(YOUR TASK) All of the data is to be written out again exactly, without the pictures.

(DATA)
————

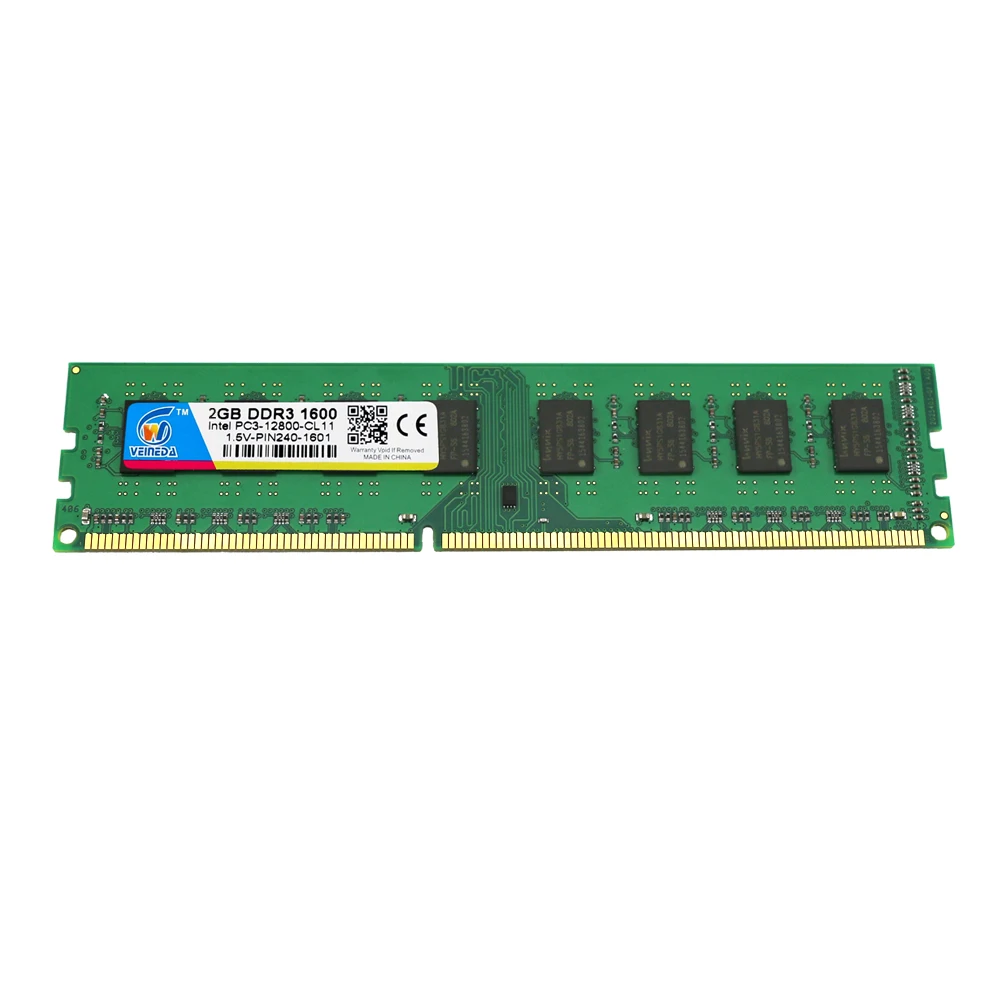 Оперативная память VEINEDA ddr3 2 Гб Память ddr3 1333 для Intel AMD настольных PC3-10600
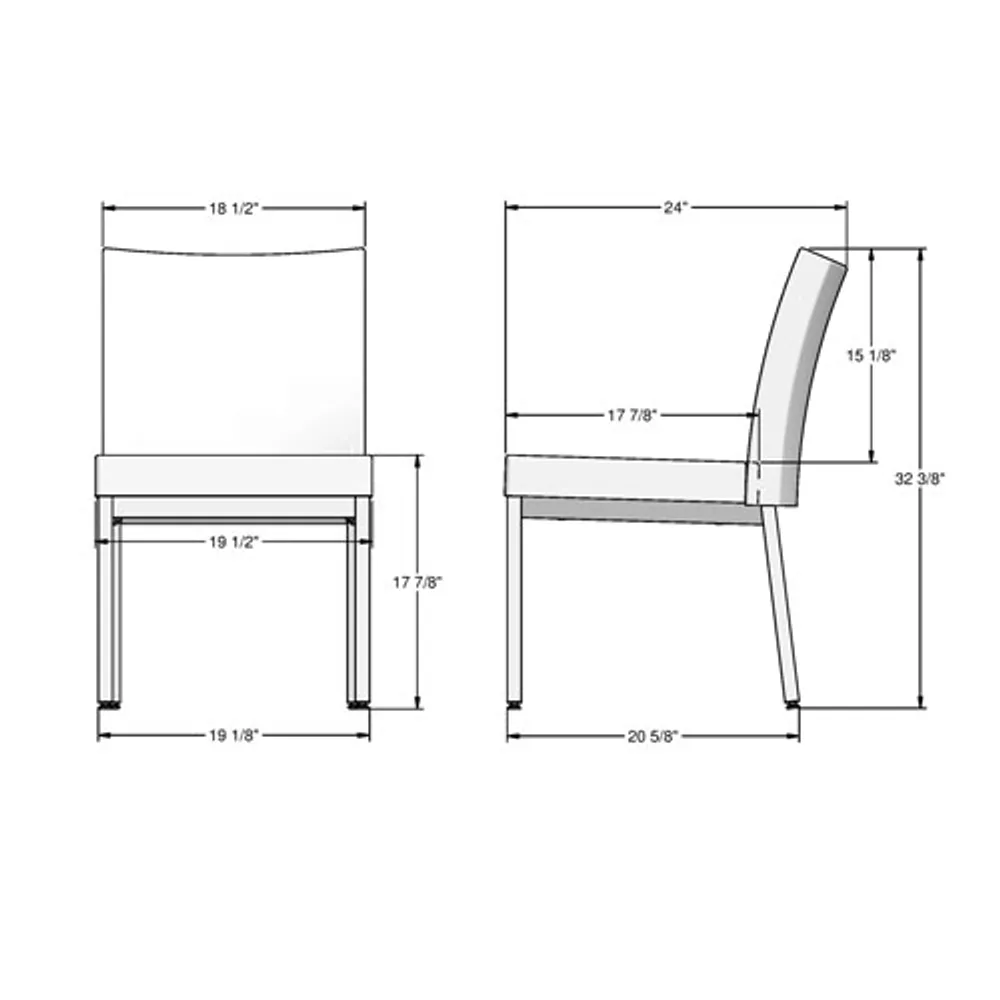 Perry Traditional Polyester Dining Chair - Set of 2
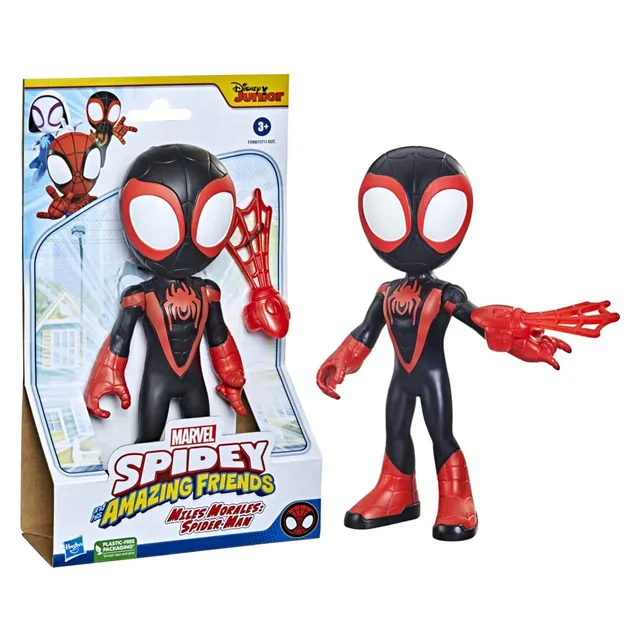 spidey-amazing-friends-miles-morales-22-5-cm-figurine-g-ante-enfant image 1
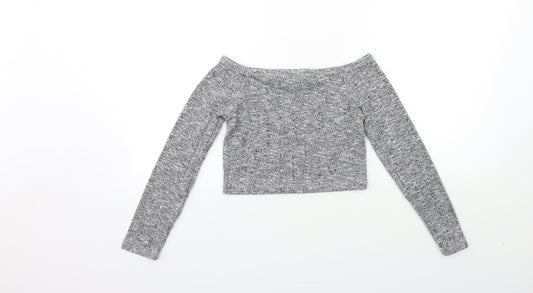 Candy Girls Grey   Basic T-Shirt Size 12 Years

————

(ANSWER FOR THIS EXERCISE)
 Оперативная память VEINEDA ddr3 2 Гб Память ddr3 1333 для Intel AMD настольных PC3-10600
 Perry Traditional Polyester Dining Chair - Set of 2
 spidey-amazing-friends-miles-morales-22-5-cm-figurine-g-ante-enfant image 1
 Candy Girls Grey   Basic T-Shirt Size 12 Years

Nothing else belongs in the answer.